Under 7.0 in order to get the same behaviour requires it to be changed to be:

 grok {
  named_captures_only => "true"
  patterns_dir => [ "/logstash/patterns" ]
  # will match where the target is reachable
  match => { "message" => "%{TCP_TIME:logTime} %{GREEDYDATA} %{HOST} %{TARGET:target} %{GREEDYDATA} is %{WORD:state} %{GREEDYDATA} %{NUMBER:packetTime} ms" }
}
# HACK: due to what appears to be a bug in LS 7.0 GROK Filter need to see if we have extracted a log time, if we have then the pattern above found a match, if not then
# attempt to match the pattern below.
if [logTime] !~ /.+/ {
  grok {
    named_captures_only => "true"
    patterns_dir => [ "/opt/logstash/logstash-7.0.0/patterns" ]
    # will match where the target is unreachable
    match => { "message" => "%{TCP_TIME:logTime} %{GREEDYDATA} %{HOST} %{TARGET:target} is %{WORD:state}" }
  }
}

Without doing the above the _grokparsefailure tag is appended to the document in ES.

The documentation for the grok filter in 7.0 still says that 'break_on_match' is valid, so would appear to be a bug.

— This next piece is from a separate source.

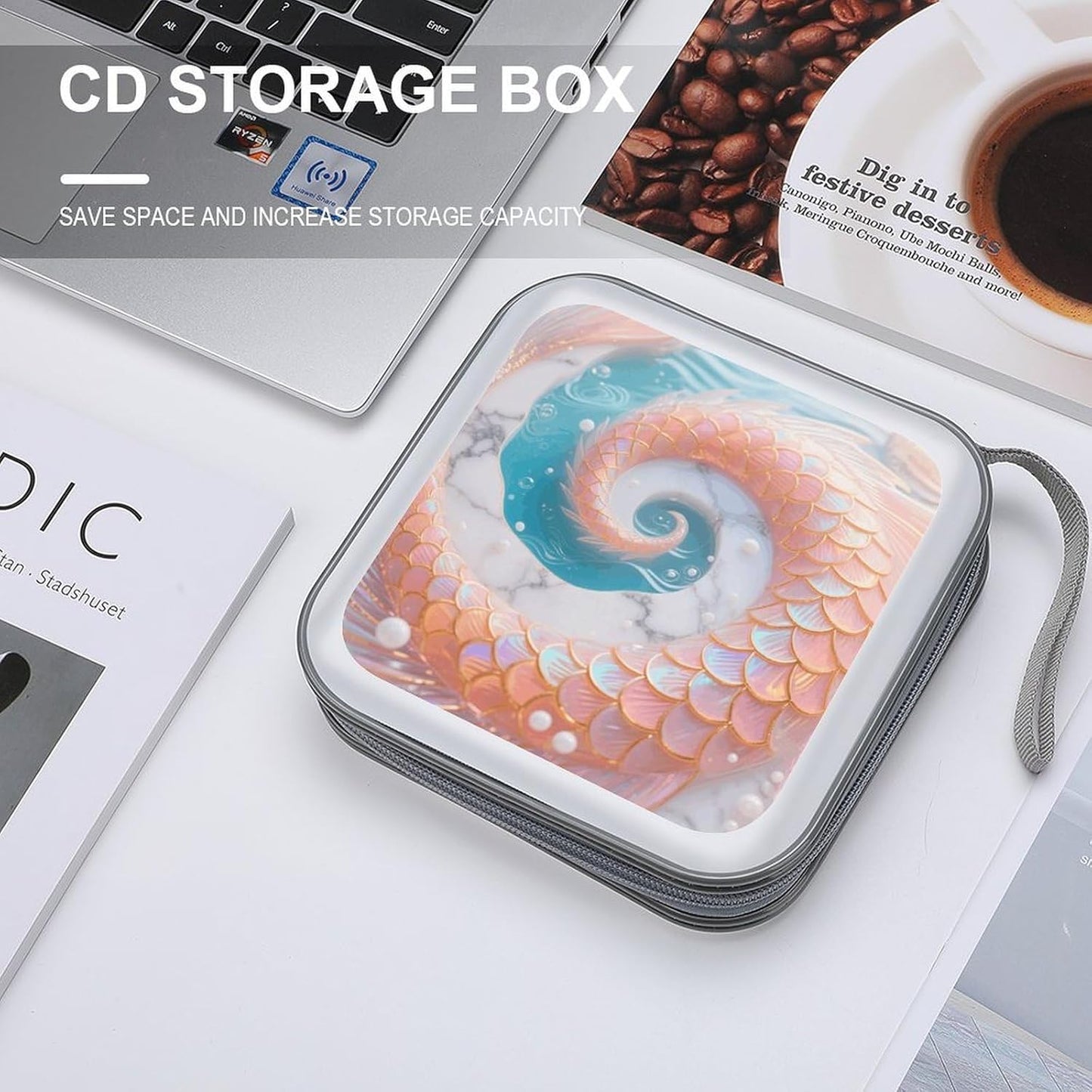 Mermaid Fish Scales Marble CD Case Portable Zipper CD Case 40 Capacity Hard Plastic DVD Cases Holder Large Storage Disc Wallet Bag for Car Home Travel DVD Collection Bag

Anybody else come across this?

Cheers

Badger · April 12, 2019, 1:12pm

If you have two match options for the same field my expectation in logstash 6 is that the first pattern would be ignored and only the second pattern would be evaluated.

paul_nzl · April 14, 2019, 11:13pm

Hi Badger,

Example 'good' and 'bad' log file entries that are processed by the above configuration:
Apr 12 00:01:31 [INFO] Host server1 [10.228.155.28] is reachable via tcp on port 4 (packet return time: 0.332 ms)
Apr 12 00:02:22 [INFO] Host server1 [10.228.155.28] is unreachable

logstash 6
The first log line matches the first pattern and with break_on_match the grok filter stops with the following fields populated:
logTime=Apr 12 00:01:31
target=server1
state=reachable
packetTime=0.332

The second log line doesn't match the first pattern, but does match the second pattern, which results in:
logTime=Apr 12 00:02:22
target=server1
state=unreachable

logstash 7
results in a _grokparsefailure. Modifying the config to put the if statement checking for the presence of logTime before attempting to match the second pattern appears to get around the parse issue.

So, something has changed between the versions. I have also explicitly added an end of line '$' to the second pattern so it will not match a 'good' log line to no avail.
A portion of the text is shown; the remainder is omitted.